In the present invention, the carrier and additives may be any pharmaceutically acceptable ones. Specific examples of the diluent include lactose monohydrate, trehalose, cornstarch, soybean oil, Microcrystalline cellulose or mannitol may be preferably used and the lubricant may be magnesium stearate or talc. The binder may be polyvinylpyrrolidone (PVP) or hydroxypropyl It is preferable to select from hydroxypropylcellulose (HPC). The disintegrant is preferably selected from carboxymethylcellulose calcium (Ca-CMC), sodium starch glycollate, polacrylin potassium or cross-linked polyvinylpyrrolidone And the sweetening agent is selected from white sugar, fructose, sorbitol or aspartame. Examples of the stabilizer include sodium carboxymethylcellulose sodium (Na-CMC), beta-cyclodextrin (beta -cyclodextrin) white bee's wax or xanthan gum and the preservative is selected from the group consisting of methyl p-hydroxy benzoate, methlparaben, propyl p-hydroxybenzoate, propylparaben, or potassium sorbate potassium sorbate).

The present invention also relates to novel lactobacillus fermentum PL9988 deposited under accession number KACC91834P, novel lactobacillus fermentum PL9037, novel lactobacillus fermentum PL9038, novel lactobacillus fermentum PL9039, novel lactobacillus fermentum PL9040 A culture or a culture thereof as an active ingredient.

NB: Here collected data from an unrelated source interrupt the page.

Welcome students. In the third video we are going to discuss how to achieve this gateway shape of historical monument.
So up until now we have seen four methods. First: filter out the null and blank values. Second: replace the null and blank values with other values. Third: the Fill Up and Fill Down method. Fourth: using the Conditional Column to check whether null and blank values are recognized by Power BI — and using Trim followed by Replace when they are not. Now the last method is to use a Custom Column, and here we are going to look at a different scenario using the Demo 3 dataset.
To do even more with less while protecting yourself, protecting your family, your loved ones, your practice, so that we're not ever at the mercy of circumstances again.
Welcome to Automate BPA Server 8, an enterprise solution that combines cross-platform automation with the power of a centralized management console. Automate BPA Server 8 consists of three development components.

The Lactobacillus fermentum PL9988 strain has the 16S rRNA base sequence described in SEQ ID NO: 1, and the novel Lactobacillus fermentum PL9037 strain has the 16S rRNA nucleotide sequence shown in SEQ ID NO: 2, and the novel lactobacillus The PERMENTER PL9038 strain has the 16S rRNA nucleotide sequence shown in SEQ ID NO: 3, and the novel Lactobacillus fermentum PL9039 has the 16S rRNA nucleotide sequence shown in SEQ ID NO: 4, and the novel Lactobacillus perfumont PL9040 The strain has the 16S rRNA nucleotide sequence shown in SEQ ID NO: 5.

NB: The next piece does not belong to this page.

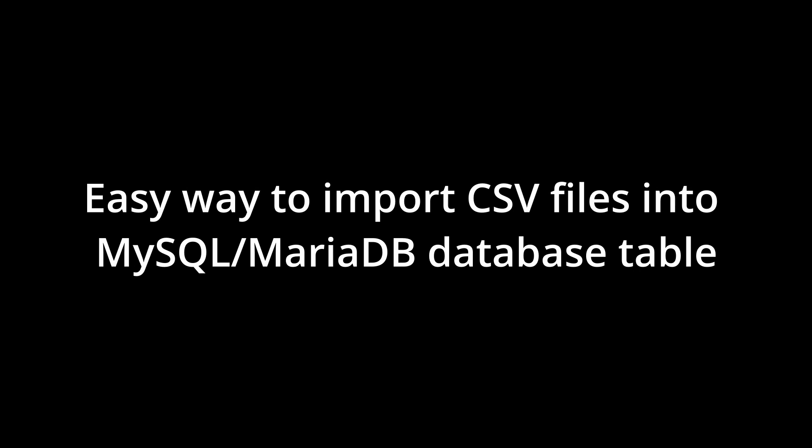Hey guys, today I want to show you a quick and easy way to import a CSV file into a MySQL or MariaDB database.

The culture medium of the microorganism includes various antimicrobial organic acids and non-protein antimicrobial substances produced by the microorganisms.

In addition, the composition according to the present invention is suitable for ingesting together with the lactic acid bacteria of the present invention, further inhibiting the growth of harmful microorganisms upon ingestion, and further adding other known microorganisms having an activity of improving intestinal microflora .

The strain has excellent intestinal cell adhesion, acid resistance and biliary excretion, and enhances intestinal health activity through antibacterial ability, antioxidative effect, immunity enhancing activity, endotoxin shock inhibition and intestinal pathogenic microorganism growth inhibition.

The food may be selected from the group consisting of ice cream, milk, soy milk, yoghurt, dairy products including cheese, meat, sausage, bread, chocolate, candy, snacks, confectionery, pizza, ramen, other noodles, And an alcoholic beverage.

Therefore, the Lactobacillus fermentum strain of the present invention is excellent in adherent cell adhesion, acid resistance and biliary cholesterol, has no danger of antibiotic resistance transformation, inhibits harmful pathogenic bacteria in the intestines, has an immunostimulatory effect, Since it has an antioxidative effect, it can be useful as a health food for improving bowel activity and intestinal health.

Examples of the health food of the present invention include folk remedies for the purpose of improving the intestinal function of tea, jellies, juices, extracts and beverages containing the Lactobacillus sp. Strain or the culture thereof as an active ingredient. The health food for preventing diseases according to the present invention, which has been processed into various forms as described above, is easy to take without any adverse effects on the human body and can be stored for a long period of time.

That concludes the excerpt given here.